When I finally started physical therapy (in July) one of the first things I told my therapist was that I was planning a trip to France in September and I wanted to be able to walk without pain by then.  Her response caught me off guard in two ways.  First, she told me that it was entirely possible that I would make it and she told me that she was going to France in September as well!  So, as my physical therapy progressed we talked not just about my physical condition but about our France plans as well.  She and her mother were going to Paris and I was going to Toulouse with my two sisters.  I was determined to do well in therapy so I could see my plans come to fruition.

So here I am on the cusp of this long awaited trip.  I am excited but have some concerns.  I saw my orthopedic surgeon last week and expressed a concern about the pain I was still having in my hip.  He was a bit concerned about it because it is possibly related to some slow healing of the hip fracture.  That was NOT good news and I immediately said, "No more surgery!"  He wasn't really recommending that I have surgery immediately but threw it out as a possibility for the future.  A last resort if you ask me and I won't do that unless it is absolutely, positively necessary.  In fact, let's not speak of it again.

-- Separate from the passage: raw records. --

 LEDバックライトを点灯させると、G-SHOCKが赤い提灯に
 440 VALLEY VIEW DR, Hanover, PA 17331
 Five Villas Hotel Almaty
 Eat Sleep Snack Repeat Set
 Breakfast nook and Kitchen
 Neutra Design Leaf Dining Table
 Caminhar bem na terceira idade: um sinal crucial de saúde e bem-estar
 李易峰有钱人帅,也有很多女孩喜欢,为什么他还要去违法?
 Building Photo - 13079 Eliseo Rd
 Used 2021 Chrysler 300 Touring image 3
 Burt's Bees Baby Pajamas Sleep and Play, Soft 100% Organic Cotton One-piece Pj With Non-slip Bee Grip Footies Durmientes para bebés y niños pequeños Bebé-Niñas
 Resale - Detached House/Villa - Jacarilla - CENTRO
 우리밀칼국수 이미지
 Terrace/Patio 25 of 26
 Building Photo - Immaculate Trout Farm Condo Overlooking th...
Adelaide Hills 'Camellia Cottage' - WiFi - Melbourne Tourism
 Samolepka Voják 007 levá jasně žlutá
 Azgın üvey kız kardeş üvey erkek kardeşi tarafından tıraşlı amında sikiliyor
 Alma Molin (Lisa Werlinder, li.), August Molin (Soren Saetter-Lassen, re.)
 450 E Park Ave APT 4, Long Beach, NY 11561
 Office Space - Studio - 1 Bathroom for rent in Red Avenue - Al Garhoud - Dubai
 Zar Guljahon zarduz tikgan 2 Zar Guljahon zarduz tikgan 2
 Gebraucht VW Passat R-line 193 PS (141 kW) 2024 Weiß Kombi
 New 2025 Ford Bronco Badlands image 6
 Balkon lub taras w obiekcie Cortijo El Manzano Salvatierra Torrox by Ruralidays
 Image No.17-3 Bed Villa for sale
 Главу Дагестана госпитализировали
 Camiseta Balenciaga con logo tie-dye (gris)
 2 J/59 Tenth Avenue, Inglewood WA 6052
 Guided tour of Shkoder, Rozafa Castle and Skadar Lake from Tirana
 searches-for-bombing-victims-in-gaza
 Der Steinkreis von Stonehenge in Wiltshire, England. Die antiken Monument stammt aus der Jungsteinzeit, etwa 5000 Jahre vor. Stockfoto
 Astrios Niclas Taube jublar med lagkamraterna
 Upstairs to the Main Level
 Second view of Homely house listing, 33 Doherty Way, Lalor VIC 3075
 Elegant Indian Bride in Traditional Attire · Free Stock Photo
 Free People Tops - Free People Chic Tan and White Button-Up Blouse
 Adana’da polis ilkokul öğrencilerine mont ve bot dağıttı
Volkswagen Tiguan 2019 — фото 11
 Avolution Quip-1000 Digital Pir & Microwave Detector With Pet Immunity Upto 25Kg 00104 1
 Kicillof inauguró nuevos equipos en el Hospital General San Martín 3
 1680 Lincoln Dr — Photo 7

As I start this trip I hope to have much to write about.  There will be new sights and adventures and hopefully new insights about many things.   My next entry will be from France!

Monday, August 27, 2012

One Year Anniversary

It is time for a celebration, kind of ...

September 5, 2012 marks the 1-year anniversary of "Deb's Great Fall". While on the surface it may seem that it's an anniversary that should be ignored, I know that I have found some really great things along the way.

With every bad thing that happens to you, there's always a treasure waiting to be found.
        It may be hiding but it's there.                           

That's my motto--I've learned it the hard way--by experience, perseverance and survival.  If I didn't have this attitude I would give up.  Going on a treasure hunt to find something, anything that is positive in a bad situation is a challenge. It comes with experience because you have to have some history to hold up to the light and see where you've been and where you are. It takes perseverance because it is often hiding underneath pain, depression, hopelessness and confusion. It literally can be a fight for survival because if you give in to the pain and suffering you may just curl up and die.  It could take months or even years to find it but the treasures are there, Just like the guy at Men's Wearhouse says:

"I guarantee it"




Following these guidelines can help you 
find your shining jewels!!!

1. "Could it be? Yes it could!  Something's coming, something good":   Having this attitude, just like the guys in West Side Story is vital.  (I'm not saying that a "rumble" is the best way to find goodness, but the analogy fits!)  Somewhere in your brain, tuck in this little phrase.  It will pop up at the strangest times and give a ray of encouragement.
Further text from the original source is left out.